Are We Blocking Ourselves from Happiness?

this meow meow has the happiest life
I have admittedly felt a little low these days and have some days feel like it's hard to shake this emotional distress out. That is after I watched a video and I felt a little better and makes me think a little harder as well on how this emotional dilemma I'm facing is mostly self inflicted.

Sometimes there are reasons why we are worried and sometimes there is no cause of worry but we still do so. Because of this self inflicted emotional state of  mind, we fail to see what we have in life that we forget about but instead, should be grateful for.

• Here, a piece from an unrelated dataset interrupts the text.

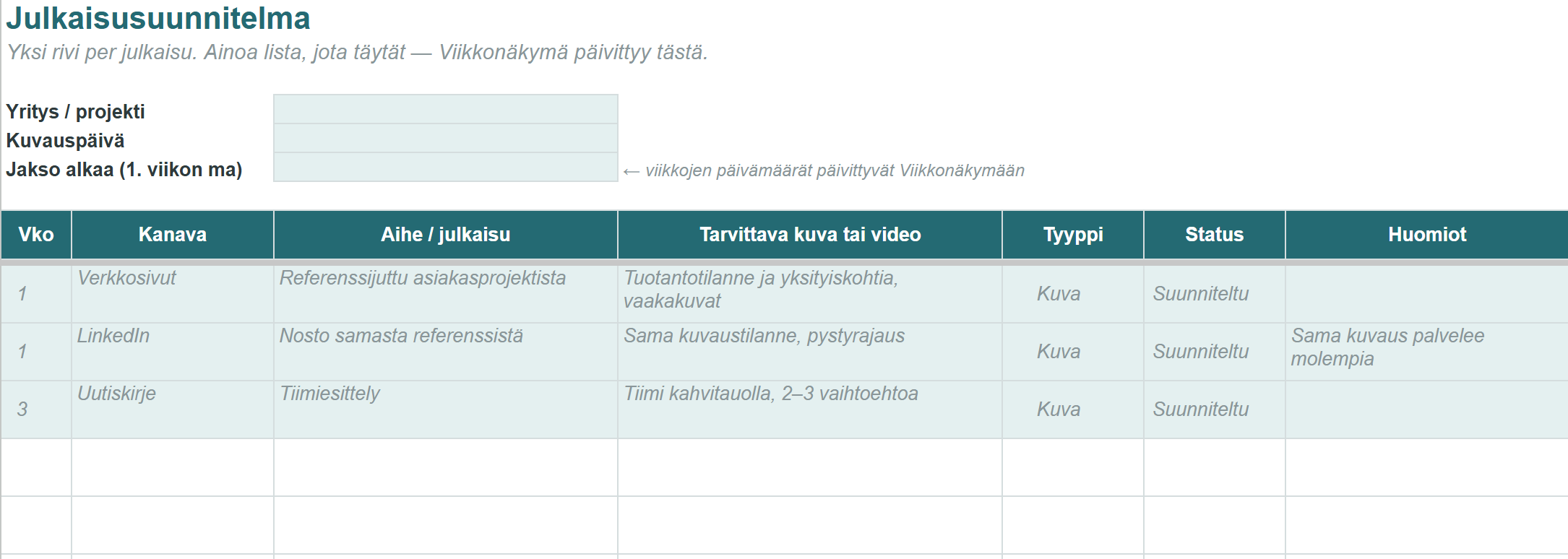 Suunnittelupohjan Julkaisusuunnitelma-välilehti: yksi rivi per julkaisu – viikko, kanava, aihe ja tarvittava kuva tai video.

The video makes me realise that I let myself get carried away with emotions when I compare myself unconsciously with others and thinking how their lives seem to be way better than mine. I had the wrong focus. Instead, I should focus on me. Keep my mind occupied and doing things that matter to keep my mind away from feeling lost and helpless. In other words, focus on me. I know it sounds as though it's so egoistic but if you put it in the write context, you are just making sure that time matters on your side, by doing things you love or make you happy.

For example, I should appreciate the fact that my cards are well received and that I should be thankful that I receive orders which help me to earn some money and keep my time occupied making them. And then reward myself with some time to watch Netflix or play some games when I'm done or almost done.

Other things that make happy and look forward to are of course, my workout classes after work. In that one hour, I just forget about things that cause me to worry and feel low and just focus on getting the steps right and to enjoy myself while sweating my butt off.

I also enjoy watching shows on Netflix. Some shows make me so trigger happy like my last post because they were so fun to watch. 

And then this issue about body confidence. I felt a little low as in I felt I didn't focus on making progress in terms of weight loss as compared to my other colleague who didn't do much except to cut down on so many food based on 'doctors' advice'. I put it in inverted commas because I highly doubt the doctor would restrict until like that and I highly suspect that it's just her doing it mostly for vanity for compliments.

Look, I don't want to judge her whatsoever because it will just make me look bad because what I am doing is basically putting her down and making me feel worse off. As in, I will start to compare myself to her, like I just did in my last paragraph, and instead, I should actually focus on doing what is right for my health and body. It's her own prerogative and if she lives for the compliments, I don't really care. I don't stand to benefit anything. But I will benefit instead if I make better decisions on improving my life and being closer to God.

I think a lot of this sense of low confidence we have is because we put ourselves down too much when we start to compare. In the video, the old lady was saying her secret to happiness is that she doesn't envy others or hate others. Don't you think the world will be a better place if many people have this mentality? So I don't hate people for saying things that upset me or judging me for all the wrong reasons. People can say what they want but we know it ourselves if we are really like that.

But if we do, we take it as a learning point. Like how my brother pointed out my mistakes and even though I feel that it's not a 100% true, admittedly I wasn't being a good listener. So I tried to make it better by seeing from his point of view and give him my listening ear.

And lastly, how I hate this nature of mine where I will calculate money down to the last dollar and then being quite obsessive over it. I don't think it's bad to know how much I have left but in a sense, I must be thankful as well with whatever I have, and to be less worrisome, I need to actually be more practical over things and not being too caught with consumerism. Because let's face it, the economy may be doing well and the price we are paying for it is the higher cost of living. And to be able to sustain ourselves in this economy, we have to play smart as well by making sure that we live within our means.

So let's chill out, be more caring, adopt a positive attitude and be more practical with more focus on ourselves. Practise kindness and compassion and if you're a Muslim, and this being the holy month, let us have more focus on our spirituality too.